● YOUR GOAL
Using the records below, output the stretch that opens with the line containing "Maldives Honeymoon Packages" and closes with the line containing "室内健身器材可调哑铃凳力健健身房健身椅子", exactly and including both lines, with nothing more.

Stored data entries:
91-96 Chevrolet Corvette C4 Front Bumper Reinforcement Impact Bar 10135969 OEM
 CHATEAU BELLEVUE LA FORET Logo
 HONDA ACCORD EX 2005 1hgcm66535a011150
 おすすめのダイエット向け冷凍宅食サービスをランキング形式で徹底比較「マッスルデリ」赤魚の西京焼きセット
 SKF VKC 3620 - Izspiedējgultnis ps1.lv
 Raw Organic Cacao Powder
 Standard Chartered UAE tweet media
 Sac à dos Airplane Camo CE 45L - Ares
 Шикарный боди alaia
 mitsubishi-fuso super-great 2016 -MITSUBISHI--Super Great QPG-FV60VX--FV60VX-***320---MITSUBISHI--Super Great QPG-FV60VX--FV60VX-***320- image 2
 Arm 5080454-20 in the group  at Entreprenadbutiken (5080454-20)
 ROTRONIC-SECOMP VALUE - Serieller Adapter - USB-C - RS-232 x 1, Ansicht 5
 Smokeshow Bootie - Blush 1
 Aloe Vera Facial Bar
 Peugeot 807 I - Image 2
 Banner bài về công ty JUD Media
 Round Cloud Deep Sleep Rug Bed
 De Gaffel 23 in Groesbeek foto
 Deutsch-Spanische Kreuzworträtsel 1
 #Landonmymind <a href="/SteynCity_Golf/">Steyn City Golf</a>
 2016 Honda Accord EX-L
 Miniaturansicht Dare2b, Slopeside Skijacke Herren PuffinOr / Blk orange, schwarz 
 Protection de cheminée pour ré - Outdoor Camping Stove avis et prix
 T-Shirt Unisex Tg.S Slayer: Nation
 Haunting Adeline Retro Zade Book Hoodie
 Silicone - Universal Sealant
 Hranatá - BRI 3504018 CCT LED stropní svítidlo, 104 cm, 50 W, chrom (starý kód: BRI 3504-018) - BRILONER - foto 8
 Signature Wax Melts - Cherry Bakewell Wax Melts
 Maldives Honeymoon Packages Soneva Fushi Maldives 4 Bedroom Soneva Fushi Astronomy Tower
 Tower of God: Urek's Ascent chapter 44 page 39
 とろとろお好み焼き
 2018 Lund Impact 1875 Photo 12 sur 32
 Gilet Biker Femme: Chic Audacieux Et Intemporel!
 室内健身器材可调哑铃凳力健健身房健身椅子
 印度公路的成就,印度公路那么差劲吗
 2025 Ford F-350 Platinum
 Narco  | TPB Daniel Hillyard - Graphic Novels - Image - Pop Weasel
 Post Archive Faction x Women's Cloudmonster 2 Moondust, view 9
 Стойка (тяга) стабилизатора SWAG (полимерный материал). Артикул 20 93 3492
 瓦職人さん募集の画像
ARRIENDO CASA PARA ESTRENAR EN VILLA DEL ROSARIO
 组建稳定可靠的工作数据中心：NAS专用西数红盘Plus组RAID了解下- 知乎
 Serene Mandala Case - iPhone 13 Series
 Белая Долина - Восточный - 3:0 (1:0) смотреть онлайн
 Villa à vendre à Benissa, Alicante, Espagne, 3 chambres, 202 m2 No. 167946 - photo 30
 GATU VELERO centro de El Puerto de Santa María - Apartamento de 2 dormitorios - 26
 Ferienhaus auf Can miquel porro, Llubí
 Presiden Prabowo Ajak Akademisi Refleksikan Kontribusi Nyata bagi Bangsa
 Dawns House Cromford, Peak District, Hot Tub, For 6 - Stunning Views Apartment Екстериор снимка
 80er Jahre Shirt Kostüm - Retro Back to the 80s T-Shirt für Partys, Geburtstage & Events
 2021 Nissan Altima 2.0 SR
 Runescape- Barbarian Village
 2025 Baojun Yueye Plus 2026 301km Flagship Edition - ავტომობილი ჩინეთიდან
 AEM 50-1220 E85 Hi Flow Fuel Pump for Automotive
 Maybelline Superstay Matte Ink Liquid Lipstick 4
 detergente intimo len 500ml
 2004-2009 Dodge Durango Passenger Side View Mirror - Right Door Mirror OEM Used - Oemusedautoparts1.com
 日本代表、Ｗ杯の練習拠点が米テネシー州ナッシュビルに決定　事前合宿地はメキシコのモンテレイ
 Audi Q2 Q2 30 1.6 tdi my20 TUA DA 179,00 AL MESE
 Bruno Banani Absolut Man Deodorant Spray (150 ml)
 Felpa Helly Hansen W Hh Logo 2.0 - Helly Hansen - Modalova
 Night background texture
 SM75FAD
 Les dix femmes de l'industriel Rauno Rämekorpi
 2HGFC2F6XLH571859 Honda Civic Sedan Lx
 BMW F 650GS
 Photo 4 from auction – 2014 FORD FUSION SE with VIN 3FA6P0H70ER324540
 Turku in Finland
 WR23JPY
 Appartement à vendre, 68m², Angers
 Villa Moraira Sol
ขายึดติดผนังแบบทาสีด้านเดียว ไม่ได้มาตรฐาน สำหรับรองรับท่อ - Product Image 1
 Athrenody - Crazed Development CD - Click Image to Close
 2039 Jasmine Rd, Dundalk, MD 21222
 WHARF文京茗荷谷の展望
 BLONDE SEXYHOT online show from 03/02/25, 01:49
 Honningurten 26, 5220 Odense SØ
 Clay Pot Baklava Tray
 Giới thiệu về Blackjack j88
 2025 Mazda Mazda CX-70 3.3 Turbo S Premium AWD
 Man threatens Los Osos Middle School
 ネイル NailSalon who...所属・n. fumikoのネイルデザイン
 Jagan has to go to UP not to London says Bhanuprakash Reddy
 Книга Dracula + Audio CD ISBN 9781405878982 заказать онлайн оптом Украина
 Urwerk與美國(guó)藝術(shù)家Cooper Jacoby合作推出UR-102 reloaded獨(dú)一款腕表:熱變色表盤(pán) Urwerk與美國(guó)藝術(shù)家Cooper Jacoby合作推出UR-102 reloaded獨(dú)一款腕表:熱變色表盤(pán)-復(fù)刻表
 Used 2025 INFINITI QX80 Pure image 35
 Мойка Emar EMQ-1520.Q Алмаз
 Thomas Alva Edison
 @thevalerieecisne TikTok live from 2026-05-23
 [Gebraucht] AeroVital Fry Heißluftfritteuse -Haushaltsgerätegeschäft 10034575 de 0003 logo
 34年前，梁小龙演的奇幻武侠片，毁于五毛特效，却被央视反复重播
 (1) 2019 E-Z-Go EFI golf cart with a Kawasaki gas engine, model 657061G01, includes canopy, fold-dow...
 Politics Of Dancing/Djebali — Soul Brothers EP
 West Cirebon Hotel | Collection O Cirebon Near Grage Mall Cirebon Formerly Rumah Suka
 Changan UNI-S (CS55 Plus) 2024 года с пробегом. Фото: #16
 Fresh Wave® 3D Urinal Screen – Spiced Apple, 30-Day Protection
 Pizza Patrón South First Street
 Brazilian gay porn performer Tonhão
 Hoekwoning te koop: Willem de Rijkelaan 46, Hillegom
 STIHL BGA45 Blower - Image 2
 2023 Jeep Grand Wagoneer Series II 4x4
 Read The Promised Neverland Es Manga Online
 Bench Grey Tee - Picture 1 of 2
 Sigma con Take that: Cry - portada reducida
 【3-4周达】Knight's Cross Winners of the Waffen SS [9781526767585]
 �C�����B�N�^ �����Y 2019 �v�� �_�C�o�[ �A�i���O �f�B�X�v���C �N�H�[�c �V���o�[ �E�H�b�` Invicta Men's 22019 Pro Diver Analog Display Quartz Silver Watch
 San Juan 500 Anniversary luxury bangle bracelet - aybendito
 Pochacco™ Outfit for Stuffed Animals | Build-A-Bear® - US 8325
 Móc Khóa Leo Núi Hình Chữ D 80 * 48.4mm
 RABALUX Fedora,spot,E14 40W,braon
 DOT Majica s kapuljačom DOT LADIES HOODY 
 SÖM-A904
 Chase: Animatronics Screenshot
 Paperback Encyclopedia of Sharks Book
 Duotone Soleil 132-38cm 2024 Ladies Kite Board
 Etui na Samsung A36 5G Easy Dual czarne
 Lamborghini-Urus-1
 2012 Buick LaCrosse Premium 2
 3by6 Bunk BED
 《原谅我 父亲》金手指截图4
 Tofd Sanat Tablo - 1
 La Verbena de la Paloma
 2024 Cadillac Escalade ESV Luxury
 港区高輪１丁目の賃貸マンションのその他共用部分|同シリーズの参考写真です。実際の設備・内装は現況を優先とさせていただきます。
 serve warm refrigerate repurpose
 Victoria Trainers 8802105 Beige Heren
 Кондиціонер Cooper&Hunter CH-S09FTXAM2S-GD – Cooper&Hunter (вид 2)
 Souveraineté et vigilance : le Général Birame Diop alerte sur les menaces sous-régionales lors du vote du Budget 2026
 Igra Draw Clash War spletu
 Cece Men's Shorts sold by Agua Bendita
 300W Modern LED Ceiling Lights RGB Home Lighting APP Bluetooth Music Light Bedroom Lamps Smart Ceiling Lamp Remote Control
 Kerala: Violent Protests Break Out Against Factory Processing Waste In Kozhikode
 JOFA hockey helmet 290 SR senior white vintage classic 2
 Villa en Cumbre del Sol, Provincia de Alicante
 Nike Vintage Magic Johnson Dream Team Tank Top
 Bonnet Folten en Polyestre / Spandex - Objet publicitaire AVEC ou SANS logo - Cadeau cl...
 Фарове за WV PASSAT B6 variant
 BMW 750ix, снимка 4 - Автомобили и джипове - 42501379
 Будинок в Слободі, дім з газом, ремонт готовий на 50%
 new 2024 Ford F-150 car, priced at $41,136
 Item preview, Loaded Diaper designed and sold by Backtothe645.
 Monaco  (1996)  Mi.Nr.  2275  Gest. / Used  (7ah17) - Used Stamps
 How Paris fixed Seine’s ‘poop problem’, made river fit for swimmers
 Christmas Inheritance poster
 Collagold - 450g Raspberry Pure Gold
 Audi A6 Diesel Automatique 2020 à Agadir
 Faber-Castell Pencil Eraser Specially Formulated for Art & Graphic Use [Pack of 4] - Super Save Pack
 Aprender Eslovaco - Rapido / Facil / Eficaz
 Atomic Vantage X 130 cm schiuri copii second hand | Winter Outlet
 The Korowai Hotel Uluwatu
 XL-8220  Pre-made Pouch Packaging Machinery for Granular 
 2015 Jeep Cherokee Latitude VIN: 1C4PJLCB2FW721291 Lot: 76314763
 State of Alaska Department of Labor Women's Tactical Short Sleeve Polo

● TASK ANSWER
 Maldives Honeymoon Packages Soneva Fushi Maldives 4 Bedroom Soneva Fushi Astronomy Tower
 Tower of God: Urek's Ascent chapter 44 page 39
 とろとろお好み焼き
 2018 Lund Impact 1875 Photo 12 sur 32
 Gilet Biker Femme: Chic Audacieux Et Intemporel!
 室内健身器材可调哑铃凳力健健身房健身椅子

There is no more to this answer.